Output word for word the lines from the one with "Building Photo - 1702 Lakeway Blvd" to the final line of the data, both ends included, but skip the pictures.

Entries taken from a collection
· · · · · · ·
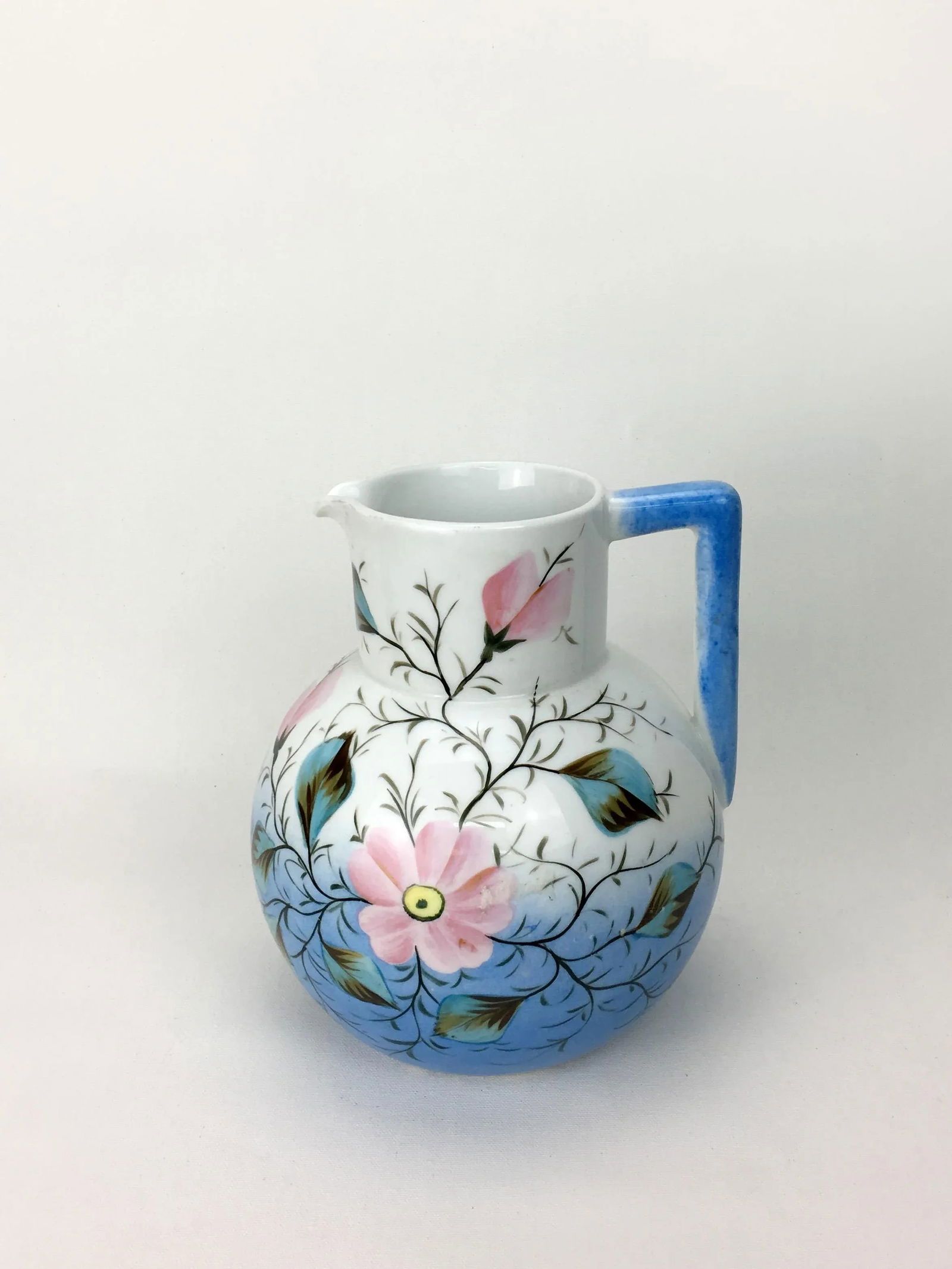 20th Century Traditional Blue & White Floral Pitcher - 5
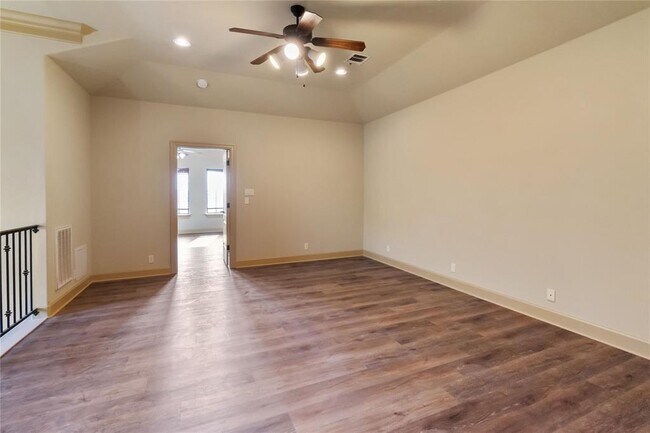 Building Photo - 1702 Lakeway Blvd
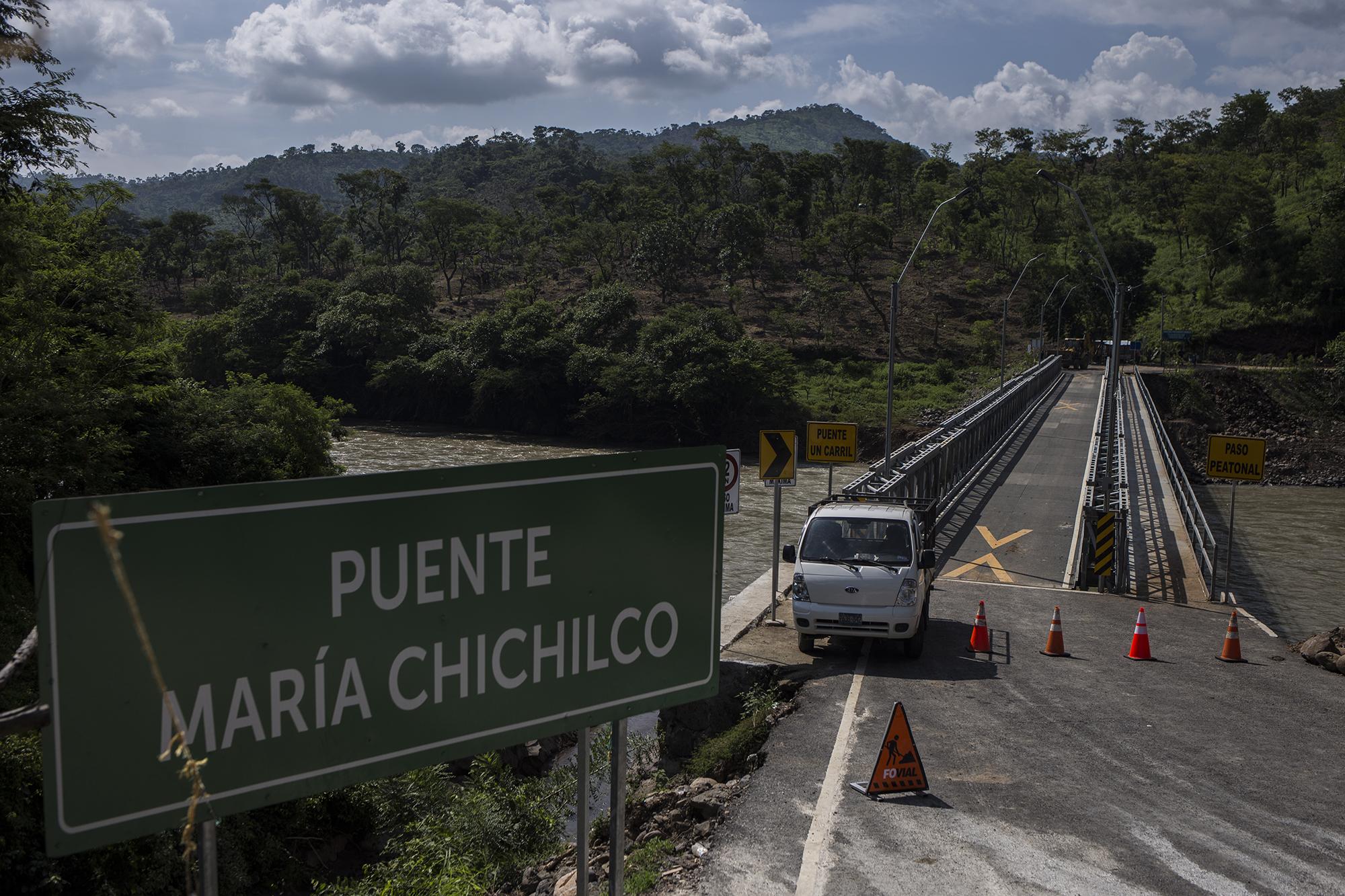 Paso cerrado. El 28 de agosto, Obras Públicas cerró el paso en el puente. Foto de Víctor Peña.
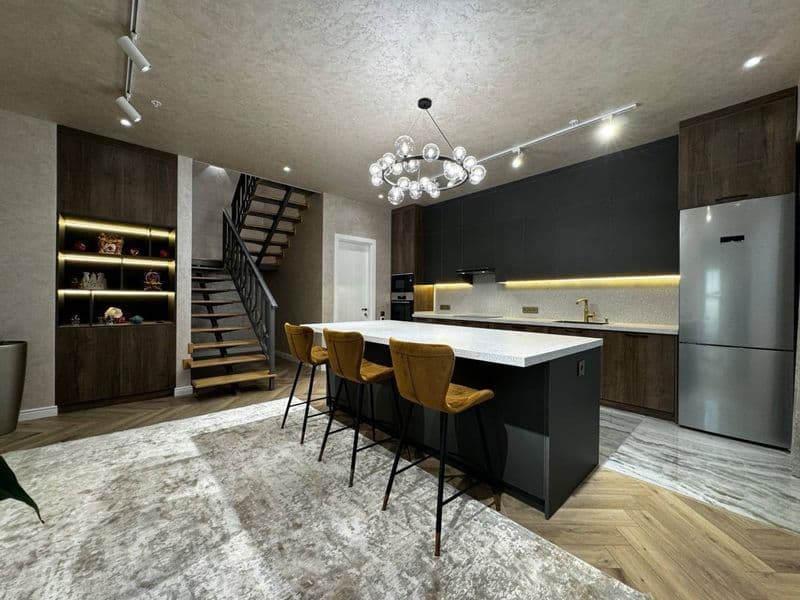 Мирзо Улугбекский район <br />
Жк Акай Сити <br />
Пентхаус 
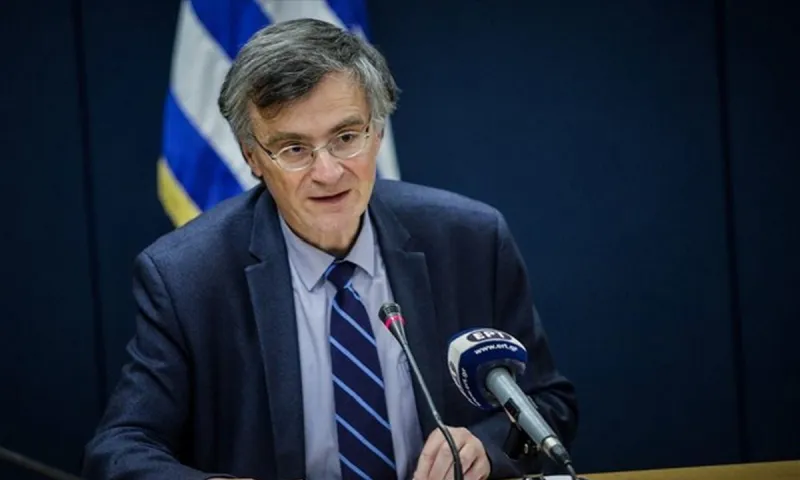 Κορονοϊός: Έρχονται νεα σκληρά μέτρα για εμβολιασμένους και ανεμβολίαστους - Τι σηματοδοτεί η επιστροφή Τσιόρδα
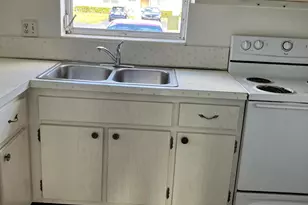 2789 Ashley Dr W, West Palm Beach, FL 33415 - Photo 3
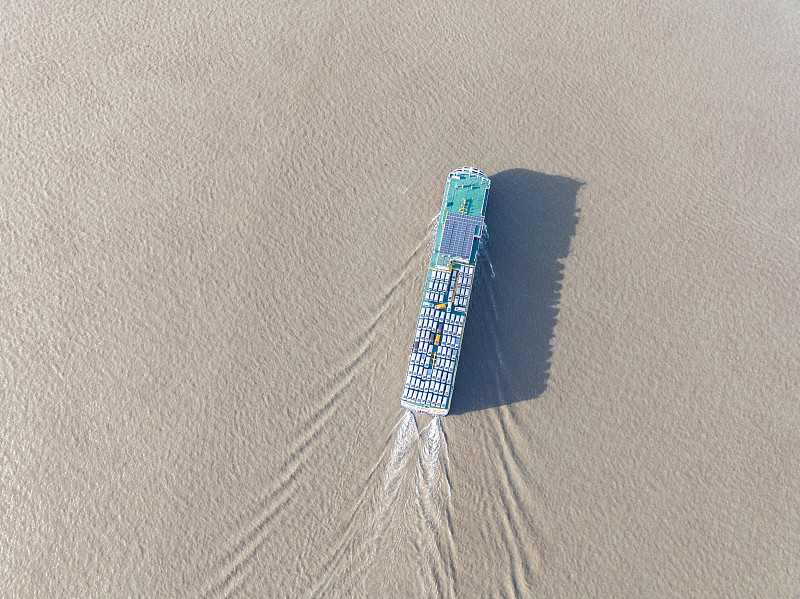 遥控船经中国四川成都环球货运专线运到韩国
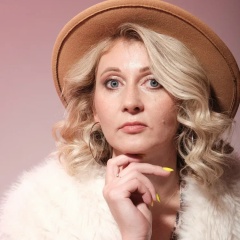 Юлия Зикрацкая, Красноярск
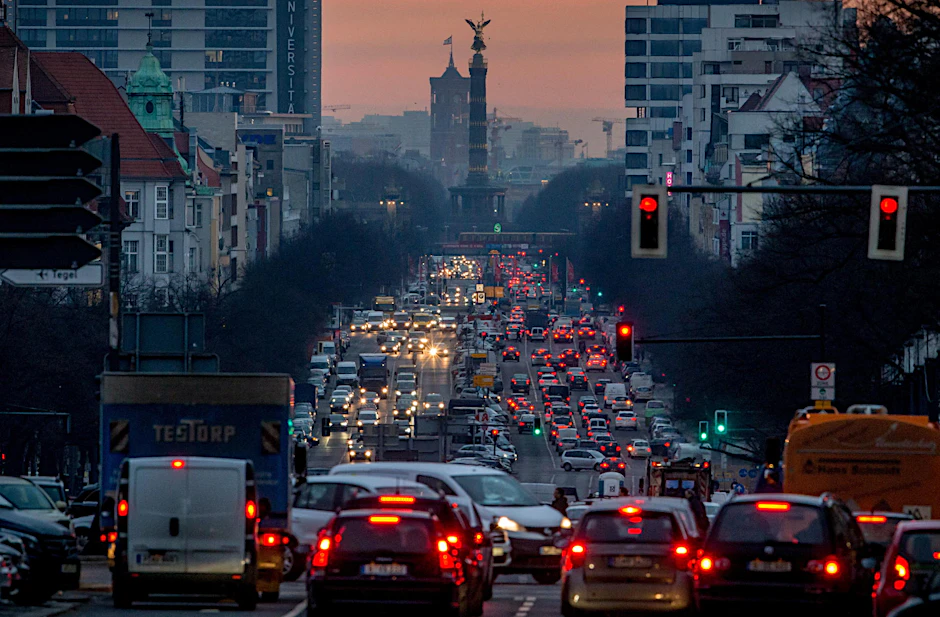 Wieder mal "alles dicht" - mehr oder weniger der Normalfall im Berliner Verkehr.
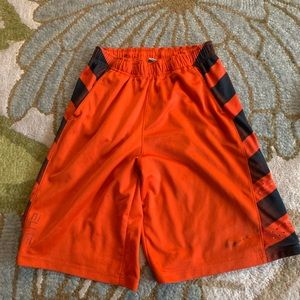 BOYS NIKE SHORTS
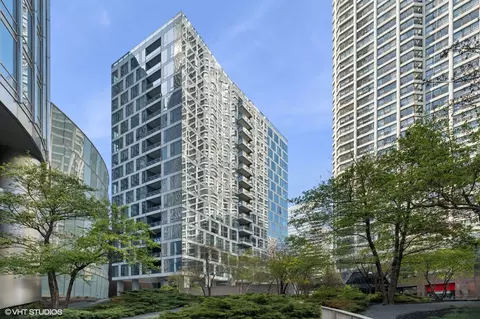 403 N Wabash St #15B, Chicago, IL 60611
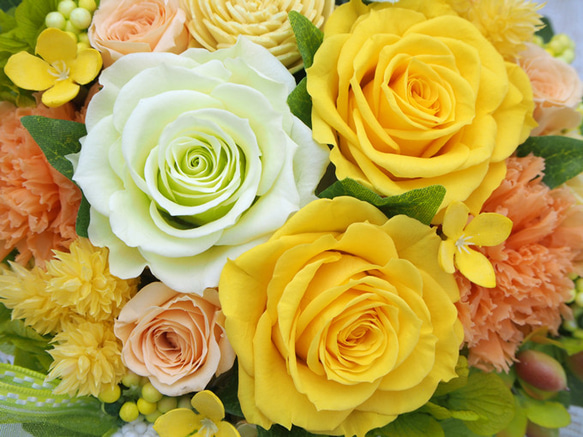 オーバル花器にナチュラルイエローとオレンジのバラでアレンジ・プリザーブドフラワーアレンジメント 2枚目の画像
· · · · · · ·
◆ **OUTPUT OF THE EXERCISE**:
 Building Photo - 1702 Lakeway Blvd
 Paso cerrado. El 28 de agosto, Obras Públicas cerró el paso en el puente. Foto de Víctor Peña.
 Мирзо Улугбекский район <br />
Жк Акай Сити <br />
Пентхаус 
 Κορονοϊός: Έρχονται νεα σκληρά μέτρα για εμβολιασμένους και ανεμβολίαστους - Τι σηματοδοτεί η επιστροφή Τσιόρδα
 2789 Ashley Dr W, West Palm Beach, FL 33415 - Photo 3
 遥控船经中国四川成都环球货运专线运到韩国
 Юлия Зикрацкая, Красноярск
 Wieder mal "alles dicht" - mehr oder weniger der Normalfall im Berliner Verkehr.
 BOYS NIKE SHORTS
 403 N Wabash St #15B, Chicago, IL 60611
 オーバル花器にナチュラルイエローとオレンジのバラでアレンジ・プリザーブドフラワーアレンジメント 2枚目の画像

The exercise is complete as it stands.